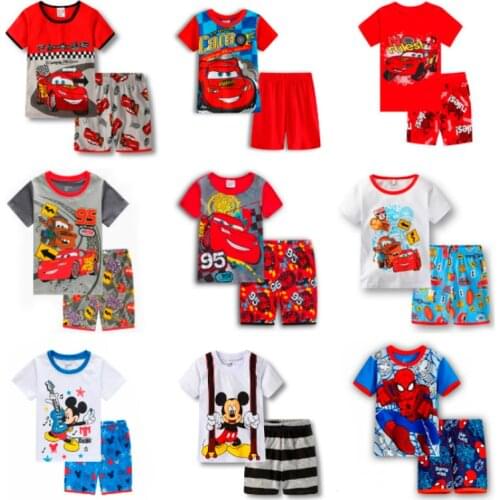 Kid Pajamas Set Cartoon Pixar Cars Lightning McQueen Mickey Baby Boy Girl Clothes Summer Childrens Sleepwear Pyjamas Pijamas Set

---

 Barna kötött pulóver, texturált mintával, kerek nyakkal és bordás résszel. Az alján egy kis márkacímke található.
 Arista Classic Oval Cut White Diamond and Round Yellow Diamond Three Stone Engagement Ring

--

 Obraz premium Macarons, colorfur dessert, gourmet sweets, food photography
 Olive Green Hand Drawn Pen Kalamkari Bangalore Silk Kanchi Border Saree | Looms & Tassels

= What to work on =
Among the entries above, locate the lines containing "Barna kötött pulóver, texturált" and "Arista Classic Oval", and transcribe exactly those two lines and all lines between.

= Solution to the problem =
 Barna kötött pulóver, texturált mintával, kerek nyakkal és bordás résszel. Az alján egy kis márkacímke található.
 Arista Classic Oval Cut White Diamond and Round Yellow Diamond Three Stone Engagement Ring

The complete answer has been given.